In a service based on distributed consensus, there can be only one elected leader at a time. If servers and clients get on different sides of a network partition (where servers and clients in group 1 can reach each other but not servers and clients in group 2, and vice versa), then only one of these two groups has a majority of servers. Either the previous leader ends up on the majority group and manages to keep its elected status, or a new election is run in the majority group, and a new leader surfaces there. Every client and server in the majority group can continue to operate, and every client and server in the minority group knows it can't operate until the partition resolves.

A concrete example helps illustrate the issue. Consider racks in a datacenter that contain some number of machines each, say 7, with all machines in a rack connecting to a top of rack (TOR) switch. In turn, each TOR switch connects to a central switch. Machines on the same rack can talk to each other just by going through the TOR switch. To talk to a machine in a different rack, they need to go through the central switch. Now, imagine deploying a distributed system consisting of several servers and clients to machines in two of these racks. Now, sever the connection to the central switch for the TOR in one rack. This results in a network partition.

Etcd features

Consistent configuration management

Provides a fully consistent, highly available key-value store.
Ensures a uniform view of configuration across a distributed system.
Offers strong read-after-write consistency, solving a complex distributed systems problem.

Real-time updates

Supports subscriptions to changes, eliminating the need for periodic polling.
Allows clients to receive immediate notifications when values change.
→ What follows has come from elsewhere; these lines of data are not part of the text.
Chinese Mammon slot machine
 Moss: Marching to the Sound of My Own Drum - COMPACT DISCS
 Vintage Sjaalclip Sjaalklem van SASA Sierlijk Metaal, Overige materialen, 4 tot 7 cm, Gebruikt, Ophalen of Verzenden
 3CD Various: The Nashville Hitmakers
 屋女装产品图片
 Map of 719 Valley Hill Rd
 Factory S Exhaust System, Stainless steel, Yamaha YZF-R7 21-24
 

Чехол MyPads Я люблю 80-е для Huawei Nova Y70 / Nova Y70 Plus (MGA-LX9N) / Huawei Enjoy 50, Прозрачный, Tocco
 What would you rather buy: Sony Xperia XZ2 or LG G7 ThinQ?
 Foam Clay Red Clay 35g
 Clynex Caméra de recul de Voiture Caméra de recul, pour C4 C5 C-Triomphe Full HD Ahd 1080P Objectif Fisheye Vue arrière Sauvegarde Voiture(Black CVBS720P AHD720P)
Simplified fault tolerance

Leader election

Implemented by attempting to write to a specific key in etcd.
Only one server succeeds, ensuring only one leader at a time.

High availability

Key timeout if a server fails to "heartbeat".
Client subscriptions to monitor key changes.

Deephaven

Deephaven is able to leverage etcd to get fault tolerance properties without needing to implement sophisticated fault tolerance algorithms. For example:

A Deephaven cluster can elect a leader simply by issuing a write to a key on the consistent store, conditioned on the previous value being empty. This operation is guaranteed to succeed for only one of the servers that attempt it, and as such, it provides a mechanism for leader election that is simple to program and reason about.

Combining this feature with both...

Key timeout if a server fails to "heartbeat"
Client subscriptions to the key

...provides the building blocks for implementing high availability.